→ **YOUR INSTRUCTIONS**
Lines to return, exactly: from the line with "Land Listing Agent Photo" to the line with "Thumbnail von Boston Whaler 350 Realm" in the entries below, both included.

→ **DATASET EXCERPTS**

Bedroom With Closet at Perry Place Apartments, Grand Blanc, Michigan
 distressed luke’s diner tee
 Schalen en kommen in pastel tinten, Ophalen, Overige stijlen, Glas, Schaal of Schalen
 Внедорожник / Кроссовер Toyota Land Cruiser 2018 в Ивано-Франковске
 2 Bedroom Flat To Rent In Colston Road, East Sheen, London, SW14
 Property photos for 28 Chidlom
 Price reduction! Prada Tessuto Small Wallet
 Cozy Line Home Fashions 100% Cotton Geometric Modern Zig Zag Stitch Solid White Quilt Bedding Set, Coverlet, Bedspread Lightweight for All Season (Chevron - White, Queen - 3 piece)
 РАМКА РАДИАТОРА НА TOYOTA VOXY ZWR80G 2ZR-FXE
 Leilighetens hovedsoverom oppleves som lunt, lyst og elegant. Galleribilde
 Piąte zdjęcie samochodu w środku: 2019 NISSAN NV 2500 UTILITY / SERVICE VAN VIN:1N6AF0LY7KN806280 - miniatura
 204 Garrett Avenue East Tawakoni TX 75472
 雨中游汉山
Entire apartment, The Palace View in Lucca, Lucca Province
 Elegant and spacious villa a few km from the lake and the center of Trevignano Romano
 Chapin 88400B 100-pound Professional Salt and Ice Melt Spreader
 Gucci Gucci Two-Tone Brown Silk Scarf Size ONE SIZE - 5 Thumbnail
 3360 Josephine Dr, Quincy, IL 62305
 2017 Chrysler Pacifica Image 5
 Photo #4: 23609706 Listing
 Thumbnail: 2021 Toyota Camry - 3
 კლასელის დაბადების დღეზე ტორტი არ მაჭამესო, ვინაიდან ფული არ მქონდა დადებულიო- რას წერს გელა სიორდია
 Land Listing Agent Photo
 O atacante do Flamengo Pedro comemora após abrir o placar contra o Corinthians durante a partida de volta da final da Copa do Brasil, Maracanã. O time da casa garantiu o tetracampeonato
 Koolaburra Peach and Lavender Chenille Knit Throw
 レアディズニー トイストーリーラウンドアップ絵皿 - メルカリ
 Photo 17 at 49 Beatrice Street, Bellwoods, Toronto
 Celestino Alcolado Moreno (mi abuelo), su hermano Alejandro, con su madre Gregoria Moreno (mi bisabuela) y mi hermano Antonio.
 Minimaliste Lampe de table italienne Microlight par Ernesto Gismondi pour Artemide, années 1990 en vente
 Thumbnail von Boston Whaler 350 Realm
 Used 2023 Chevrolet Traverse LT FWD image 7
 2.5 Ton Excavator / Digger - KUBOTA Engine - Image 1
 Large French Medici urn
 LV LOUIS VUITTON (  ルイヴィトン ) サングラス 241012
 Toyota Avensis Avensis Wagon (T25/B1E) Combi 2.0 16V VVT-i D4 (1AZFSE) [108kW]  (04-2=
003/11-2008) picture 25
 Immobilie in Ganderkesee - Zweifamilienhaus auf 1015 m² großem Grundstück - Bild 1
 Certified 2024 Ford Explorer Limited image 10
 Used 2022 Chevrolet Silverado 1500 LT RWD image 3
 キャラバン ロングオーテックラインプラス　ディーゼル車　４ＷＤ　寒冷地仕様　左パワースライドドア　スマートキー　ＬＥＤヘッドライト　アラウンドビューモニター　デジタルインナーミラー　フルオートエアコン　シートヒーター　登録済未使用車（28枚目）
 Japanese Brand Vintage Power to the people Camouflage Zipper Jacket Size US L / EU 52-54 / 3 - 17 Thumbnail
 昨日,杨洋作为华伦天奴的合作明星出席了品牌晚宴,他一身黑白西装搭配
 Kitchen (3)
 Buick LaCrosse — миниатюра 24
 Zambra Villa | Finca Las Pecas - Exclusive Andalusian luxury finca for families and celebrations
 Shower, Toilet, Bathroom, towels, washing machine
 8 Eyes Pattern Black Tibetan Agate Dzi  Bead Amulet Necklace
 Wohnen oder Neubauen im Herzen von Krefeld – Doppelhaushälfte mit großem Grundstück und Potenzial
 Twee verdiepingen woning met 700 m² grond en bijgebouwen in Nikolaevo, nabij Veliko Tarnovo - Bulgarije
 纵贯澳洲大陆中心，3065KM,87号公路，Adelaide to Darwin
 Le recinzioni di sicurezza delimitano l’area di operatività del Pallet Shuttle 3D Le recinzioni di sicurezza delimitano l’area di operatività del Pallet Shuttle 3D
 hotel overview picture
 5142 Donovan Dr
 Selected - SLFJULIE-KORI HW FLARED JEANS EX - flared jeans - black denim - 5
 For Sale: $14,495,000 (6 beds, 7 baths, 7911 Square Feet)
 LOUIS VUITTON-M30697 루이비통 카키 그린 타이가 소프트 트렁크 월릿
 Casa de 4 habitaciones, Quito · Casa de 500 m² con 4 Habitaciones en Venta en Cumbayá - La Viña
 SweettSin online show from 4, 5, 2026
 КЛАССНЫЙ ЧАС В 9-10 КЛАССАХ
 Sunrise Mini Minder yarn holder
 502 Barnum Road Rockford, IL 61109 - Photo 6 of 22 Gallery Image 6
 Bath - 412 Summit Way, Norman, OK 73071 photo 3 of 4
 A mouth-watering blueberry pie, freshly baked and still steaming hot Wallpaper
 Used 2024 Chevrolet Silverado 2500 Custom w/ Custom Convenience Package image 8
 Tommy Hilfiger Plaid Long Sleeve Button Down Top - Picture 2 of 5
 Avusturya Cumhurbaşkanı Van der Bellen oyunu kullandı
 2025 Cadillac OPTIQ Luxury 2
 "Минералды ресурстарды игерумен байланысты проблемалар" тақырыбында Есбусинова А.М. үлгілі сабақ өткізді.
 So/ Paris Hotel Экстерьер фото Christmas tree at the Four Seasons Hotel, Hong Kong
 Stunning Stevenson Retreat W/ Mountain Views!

→ **ANSWER TO THIS TASK**
 Land Listing Agent Photo
 O atacante do Flamengo Pedro comemora após abrir o placar contra o Corinthians durante a partida de volta da final da Copa do Brasil, Maracanã. O time da casa garantiu o tetracampeonato
 Koolaburra Peach and Lavender Chenille Knit Throw
 レアディズニー トイストーリーラウンドアップ絵皿 - メルカリ
 Photo 17 at 49 Beatrice Street, Bellwoods, Toronto
 Celestino Alcolado Moreno (mi abuelo), su hermano Alejandro, con su madre Gregoria Moreno (mi bisabuela) y mi hermano Antonio.
 Minimaliste Lampe de table italienne Microlight par Ernesto Gismondi pour Artemide, années 1990 en vente
 Thumbnail von Boston Whaler 350 Realm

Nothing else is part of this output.